In an article recently published in Academic Psychiatry, my colleagues Daniel Murrie and Morton Silverman and I suggest an alternative model of risk formulation to guide clinical practice and workforce education. We propose a shift from prediction-oriented to prevention-oriented thinking and language. Despite exciting research progress occurring in the field to improve short-term risk prediction, we are a long way from being able to apply this research to specific decisions about individual patients at a given time point. And even if we get better at short-term prediction, we need models that directly inform prevention plans and management.

A focus on prevention means anchoring risk formulation in the specific context of a patient’s own history and the clinical setting in which the assessment occurs. With regard to the patient’s own history, risk formulation should capture the fluid nature of suicide risk and explicitly state how the person’s current risk compares to risk at previous time points and how risk might change in response to future events. With regard to clinical setting, a patient considered high risk in one context (e.g., a college counseling center) might be considered low risk in another context (e.g., an inpatient psychiatric hospital). These risk appraisals differ, not only because patient populations differ, but also because each setting has different resources available for intervention. Likewise, the purpose of an assessment varies by setting. So, clinicians must conceptualize and describe risk in relative terms. Describing a patient as low risk or high risk in the abstract is far less meaningful than describing the patient as at lower or higher risk relative to other patients in the same context.  
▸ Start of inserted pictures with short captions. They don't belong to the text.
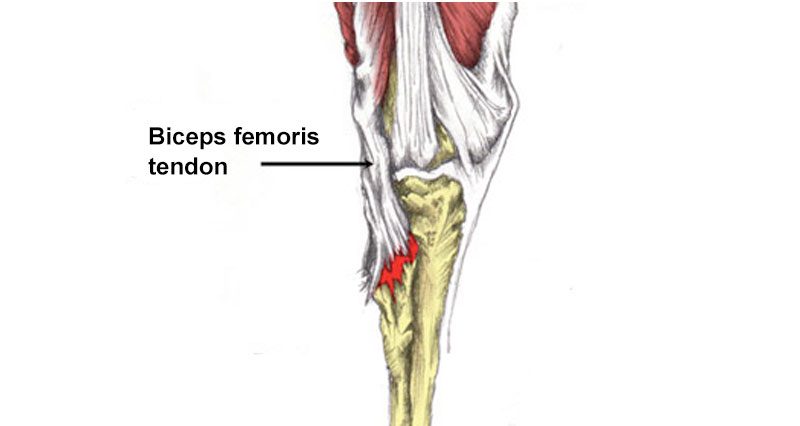 Biceps femoris avulsion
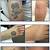 How Effective Is Tattoo Removal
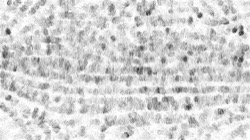 fizzy :: fizzyscratchy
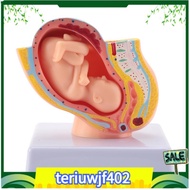 【●TI●】Human Pregnancy Fetal Development 9Th Month Embryonic Pelvic Model Fetus Foetus Pregnancy Anat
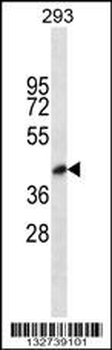 BVES Antibody (C-term)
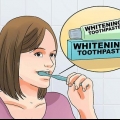 Sbianca i denti quando hai l'apparecchio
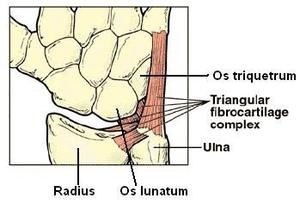 腕關節之淺談三角纖維軟骨複合體損傷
We define risk formulation as a concise synthesis of evidence-based suicide risk information regarding a patient’s immediate distress and available resources at a specific time and place. Building on the important work of many colleagues in suicide and violence risk assessment, we propose a prevention-oriented, contextually anchored model for synthesizing data into four distinct judgments to directly inform intervention plans:
 
1.    Risk status – The patient’s risk relative to a specified subpopulation
2.    Risk state – The patient’s risk compared to baseline or other specified time points
3.    Available resources – Resources from which the patient can draw in crisis
4.    Foreseeable changes – Changes that may exacerbate risk

Understanding risk in context, identifying resources available to the patient, and anticipating events that might increase (or decrease) a patient’s risk empowers clinicians, patients, and families to develop specific plans for using resources, heading off potential triggers, and creating a path to recovery.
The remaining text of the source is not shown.